Functional analysis of newly identified RYR1 variants in patients susceptible to malignant hyperthermia.

PURPOSE: This study aimed to evaluate whether the three ryanodine receptor type 1 (RYR1) variants (p.Ser2345Thr, p.Ser2345Arg, and p.Lys3367Arg) which we identified in Japanese malignant hyperthermia (MH) patients with a clinical grading scale rank of 6 were causative for MH.

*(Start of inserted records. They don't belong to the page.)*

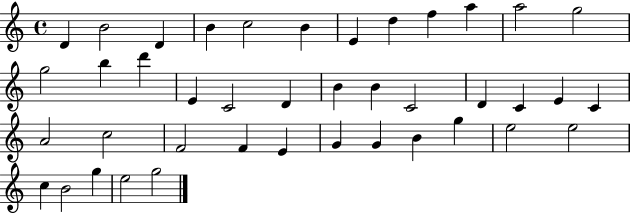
{
  \clef treble
  \time 4/4
  \defaultTimeSignature
  \key c \major
  d'4 b'2 d'4 | b'4 c''2 b'4 | e'4 d''4 f''4 a''4 | a''2 g''2 | \break g''2 b''4 d'''4 | e'4 c'2 d'4 | b'4 b'4 c'2 | d'4 c'4 e'4 c'4 | \break a'2 c''2 | f'2 f'4 e'4 | g'4 g'4 b'4 g''4 | e''2 e''2 | \break c''4 b'2 g''4 | e''2 g''2 | \bar "|."
}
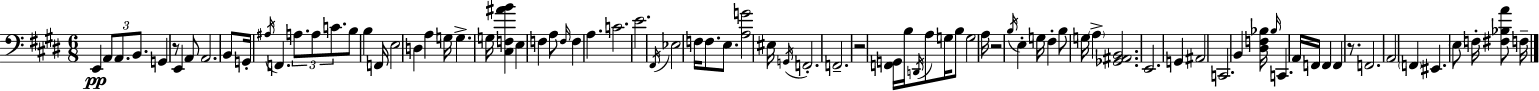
X:1
T:Untitled
M:6/8
L:1/4
K:E
E,, A,,/2 A,,/2 B,,/2 G,, z/2 E,, A,,/2 A,,2 B,,/2 G,,/4 ^A,/4 F,, A,/2 A,/2 C/2 B,/2 B, F,,/4 E,2 D, A, G,/4 G, G,/4 [^C,F,^AB] E, F, A,/2 F,/4 F, A, C2 E2 ^F,,/4 _E,2 F,/4 F,/2 E,/2 [A,G]2 ^E,/4 G,,/4 F,,2 F,,2 z2 [F,,G,,]/4 B,/4 D,,/4 A,/2 G,/4 B,/2 G,2 A,/4 z2 B,/4 E, G,/4 ^F, B,/2 G,/4 A, [_G,,^A,,B,,]2 E,,2 G,, ^A,,2 C,,2 B,, [^D,F,_B,]/4 _B,/4 C,, A,,/4 F,,/4 F,, F,, z/2 F,,2 A,,2 F,, ^E,, E,/2 F,/4 [^F,_B,A]/2 F,/4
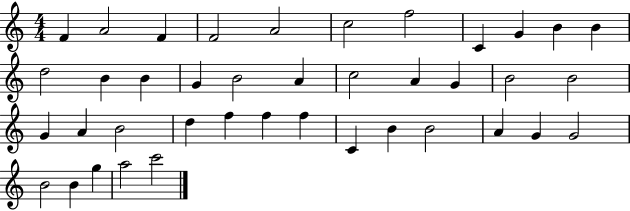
F4/q A4/h F4/q F4/h A4/h C5/h F5/h C4/q G4/q B4/q B4/q D5/h B4/q B4/q G4/q B4/h A4/q C5/h A4/q G4/q B4/h B4/h G4/q A4/q B4/h D5/q F5/q F5/q F5/q C4/q B4/q B4/h A4/q G4/q G4/h B4/h B4/q G5/q A5/h C6/h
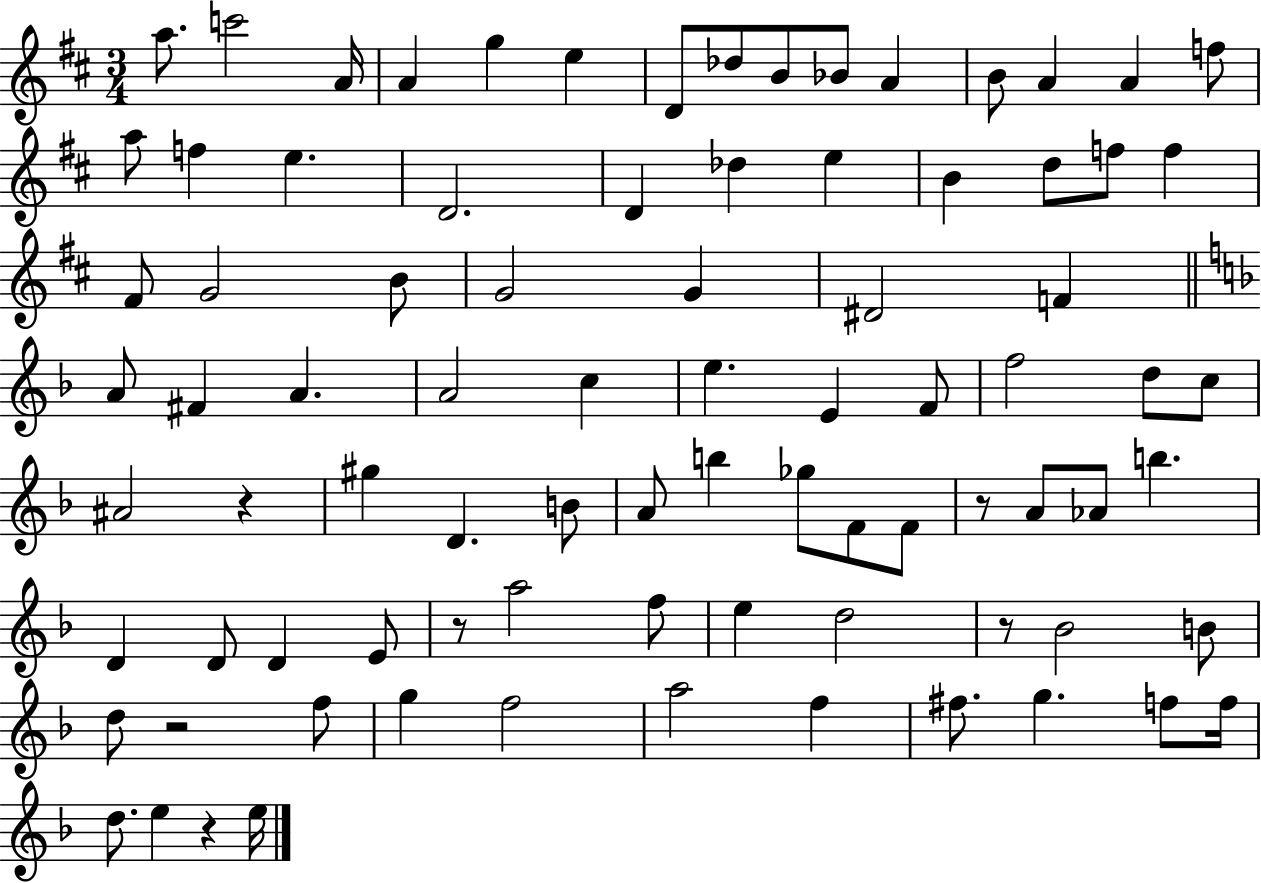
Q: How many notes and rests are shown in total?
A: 85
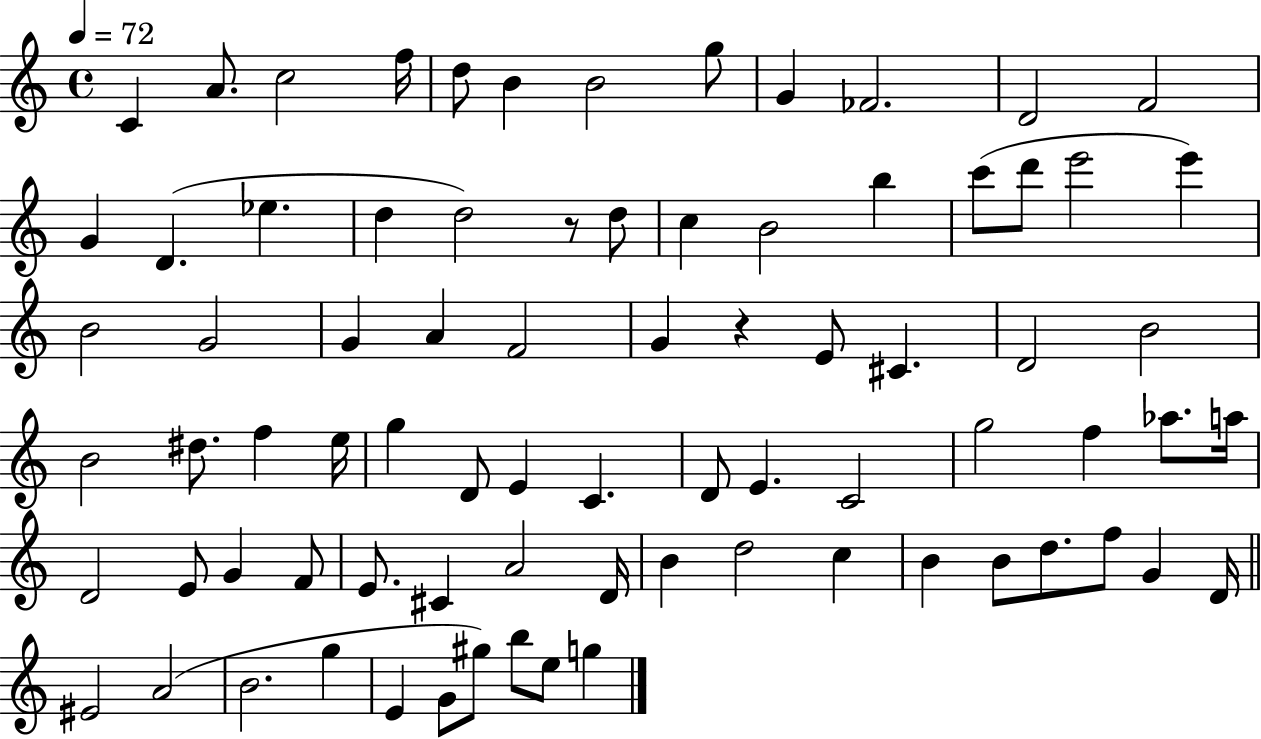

METHODS: We prepared human embryonic kidney (HEK)-293 cells transfected with wild-type RYR1 or one of the RYR1 variants, along with myotubes cultured from muscle pieces. Calcium kinetics were examined by calculating the 340/380-nm ratio under various caffeine and 4-chloro-m-cresol (4CmC) concentrations with the ratiometric dye Fura-2 AM. Half-maximal effective concentration (EC50 ) values were calculated from dose-response curves. Statistical analysis was based on one-way analysis of variance with a Dunnett's multiple comparison test, using a P value < 0.05 as evidence of statistical significance.

RESULTS: In functional analysis using HEK-293 cells, we found significant reductions in the EC50 of p.Ser2345Thr and p.Ser2345Arg in comparison with wild-type RYR1 (P < 0.001), while the EC50 of p.Lys3367Arg was not significantly different (P = 0.062 for caffeine and P > 0.999 for 4CmC). On the other hand, functional analysis using myotubes showed significant differences in the EC50 values for all variants (P < 0.001 for all comparisons).

CONCLUSIONS: p.Ser2345Thr and p.Ser2345Arg appear capable of causing a calcium metabolism disorder that leads to the onset of MH, and p.Ser2345Arg can be considered as a diagnostic mutation, because it meets the European Malignant Hyperthermia Group criteria. However, patients with p.Lys3367Arg might have mutations in genes other than RYR1 that are capable of causing MH.